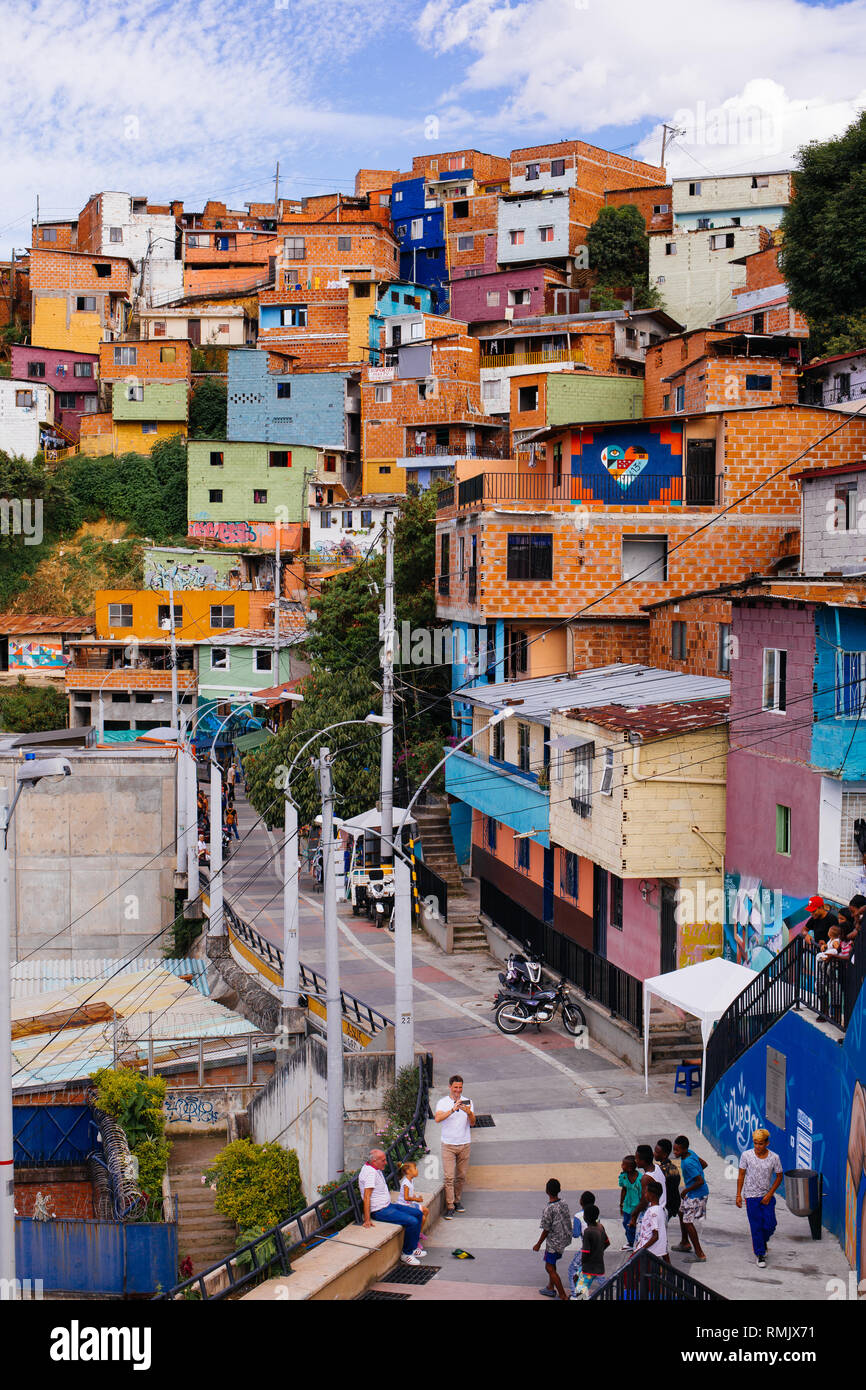 Hang informellen Gehäuse, Comuna 13, in Medellin, Kolumbien Stockfoto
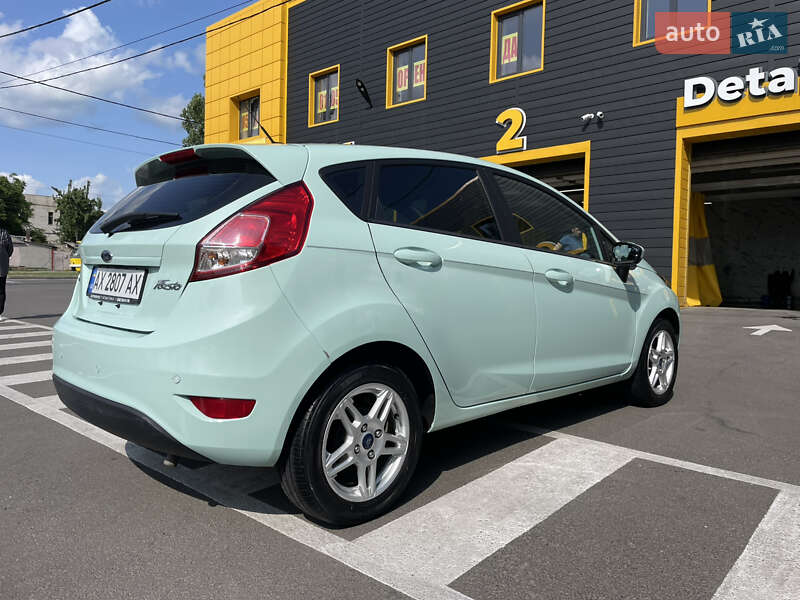 Хэтчбек Ford Fiesta 2017 в Харькове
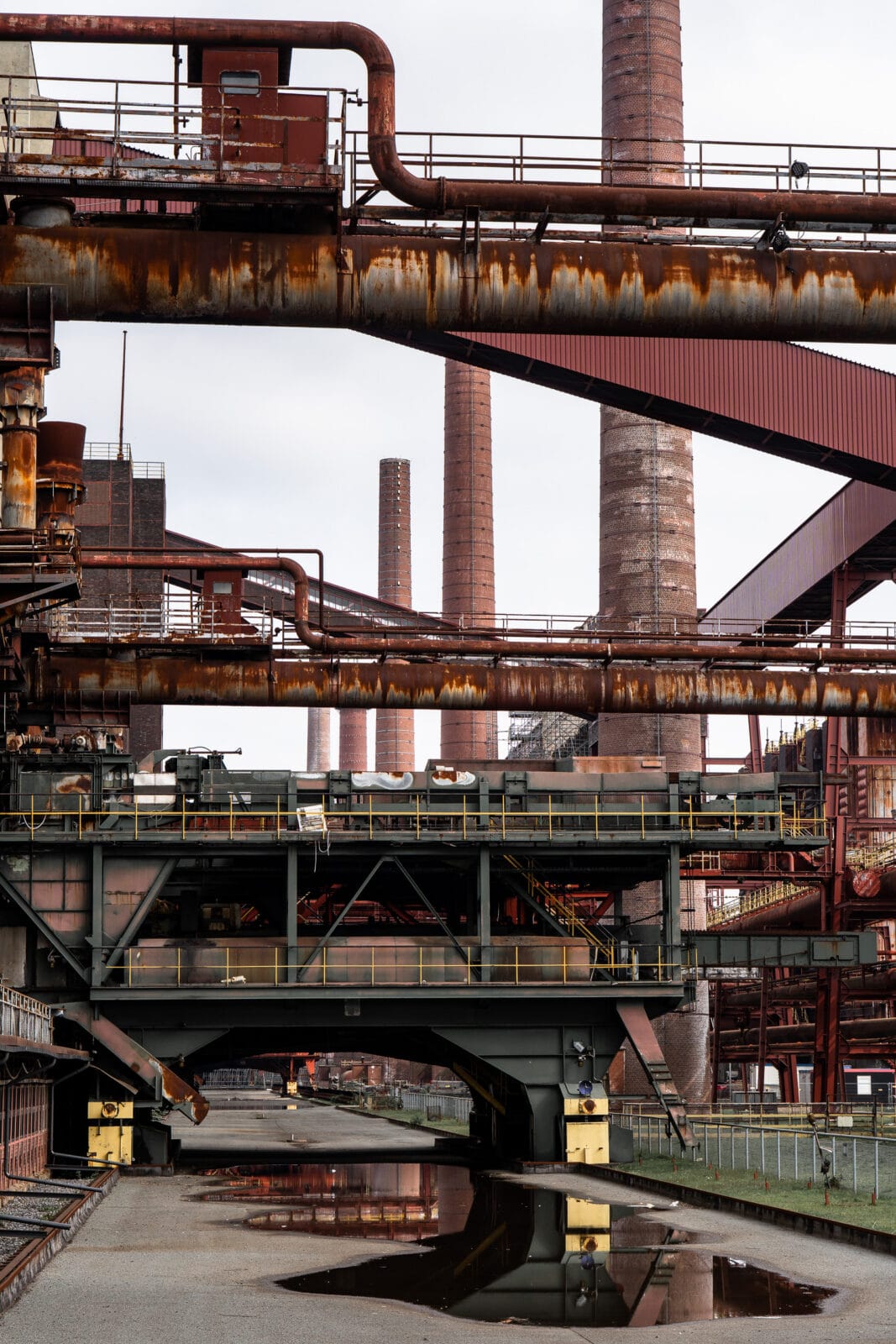 Roestige leidingen en schoorstenen op het Zollverein-terrein, Essen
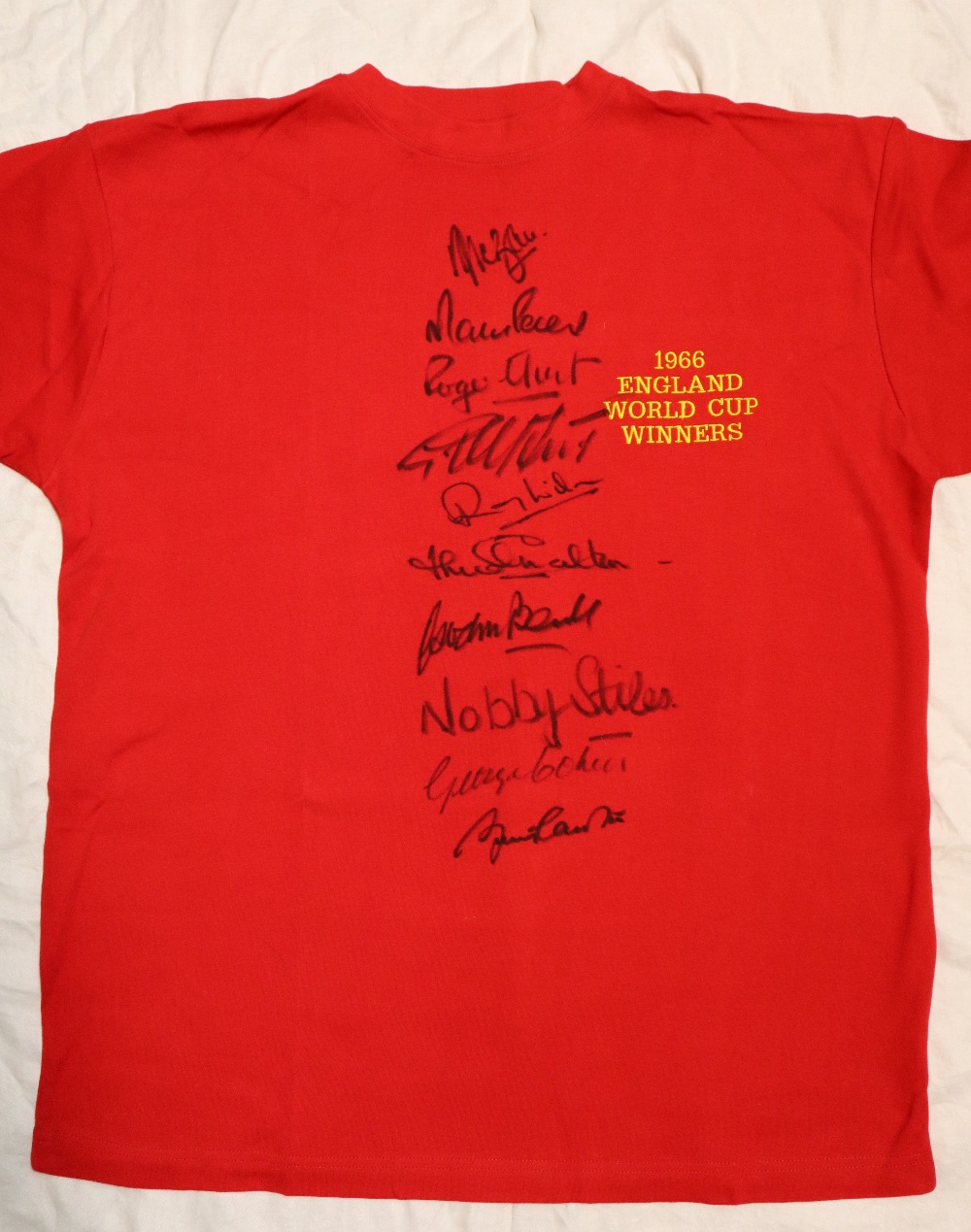 Football - An England 1966 replica shirt, signed by ten of the players, including Gordon Banks, - Bild 2 aus 3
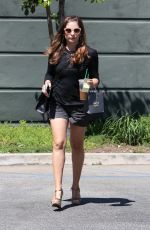 SARAH MICHELLE GELLAR Out and About in Beverly Hills 08/19/2016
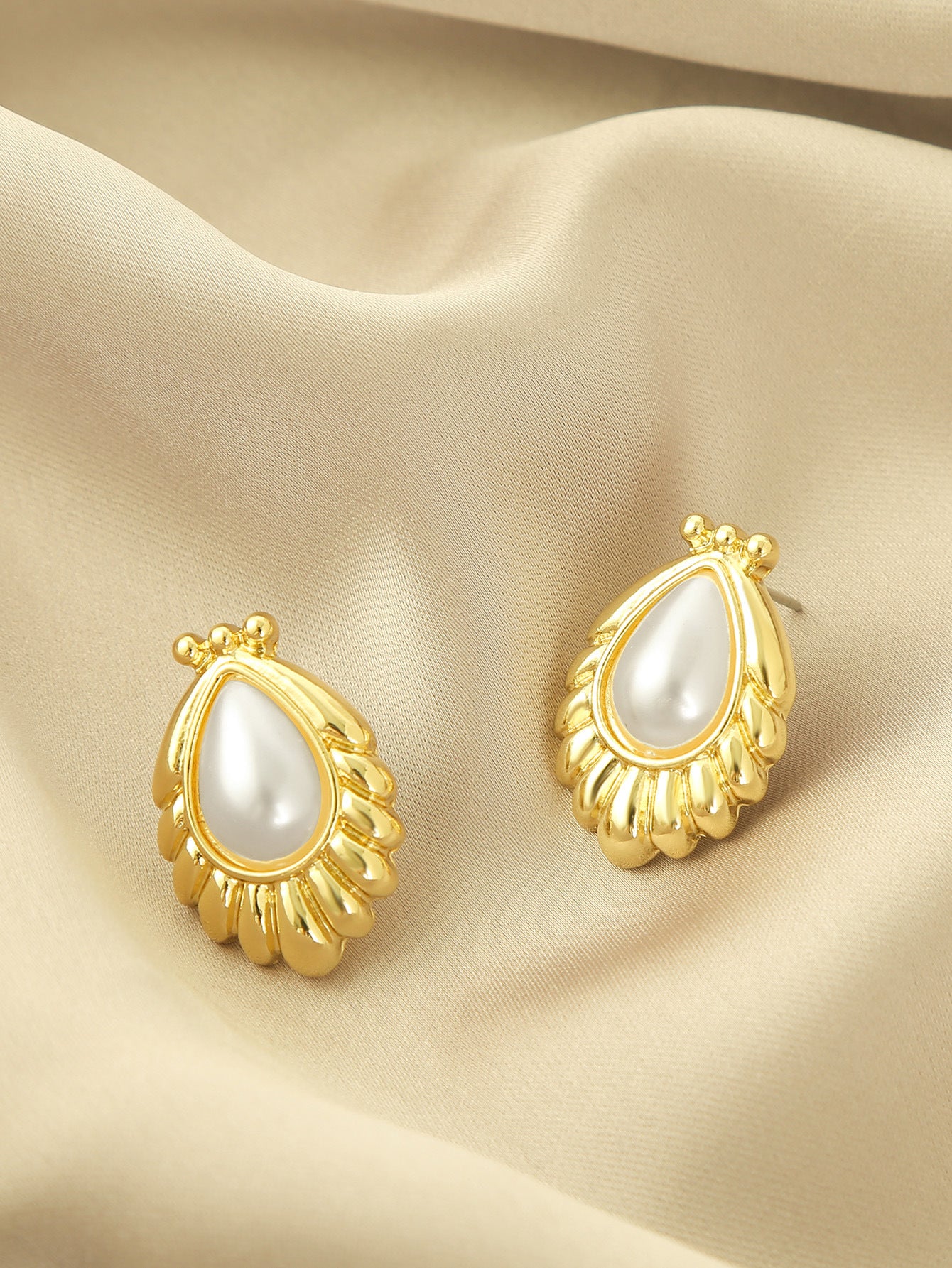 1 Pair Elegant Streetwear Geometric Plating Imitation Pearl Drop Earrings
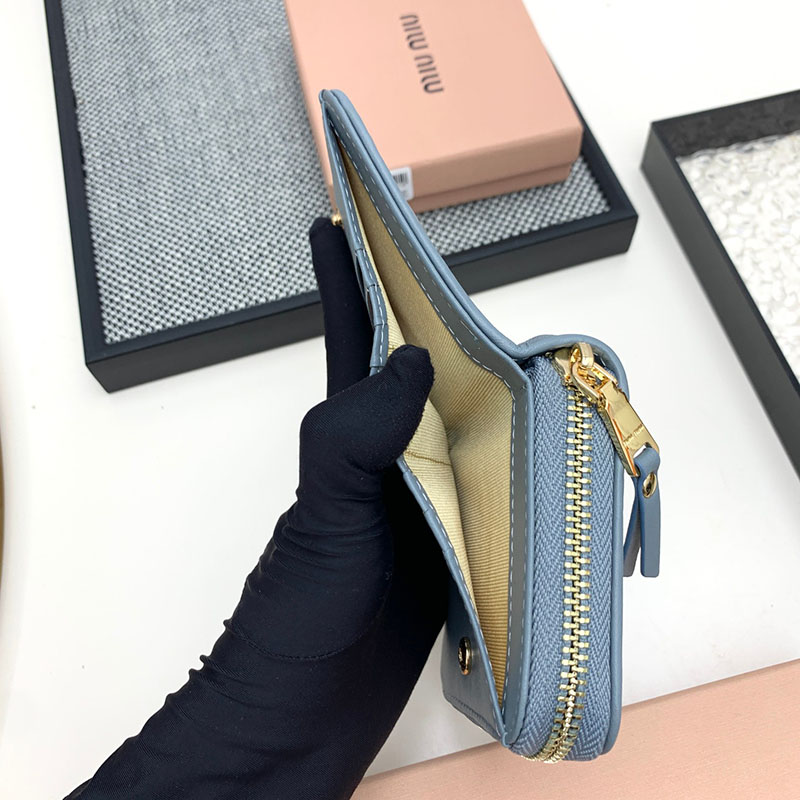 最高級MiuMiuスーパーコピー ミュウミュウ財布コピー マテラッセレザー 財布 ライトブルー 5ML522_2FPP_F0637 ミニ財布 人気 - 画像 (2)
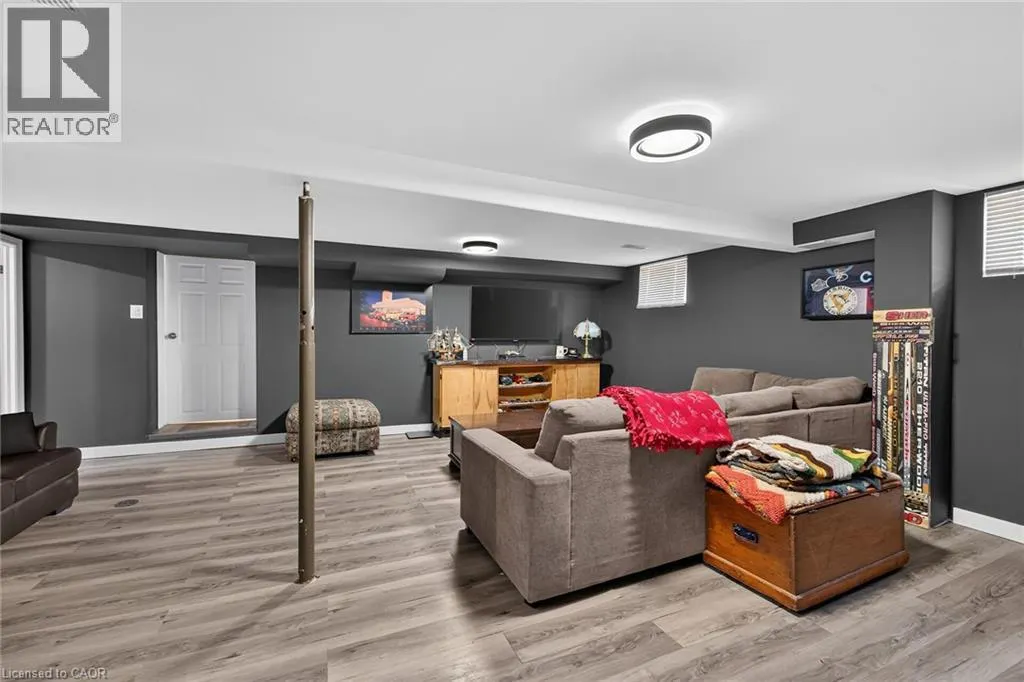 109 HODGKINS Avenue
+ + + +
** PROBLEM REQUIREMENTS **
From the line that contains "Хэтчбек Ford Fiesta 2017 в Харькове" through the last line of the listing, copy each line exactly; both end lines stay in, and pictures stay out.

** OUTPUT FOR THIS EXERCISE **
 Хэтчбек Ford Fiesta 2017 в Харькове
 Roestige leidingen en schoorstenen op het Zollverein-terrein, Essen
 Football - An England 1966 replica shirt, signed by ten of the players, including Gordon Banks, - Bild 2 aus 3
 SARAH MICHELLE GELLAR Out and About in Beverly Hills 08/19/2016
 1 Pair Elegant Streetwear Geometric Plating Imitation Pearl Drop Earrings
 最高級MiuMiuスーパーコピー ミュウミュウ財布コピー マテラッセレザー 財布 ライトブルー 5ML522_2FPP_F0637 ミニ財布 人気 - 画像 (2)
 109 HODGKINS Avenue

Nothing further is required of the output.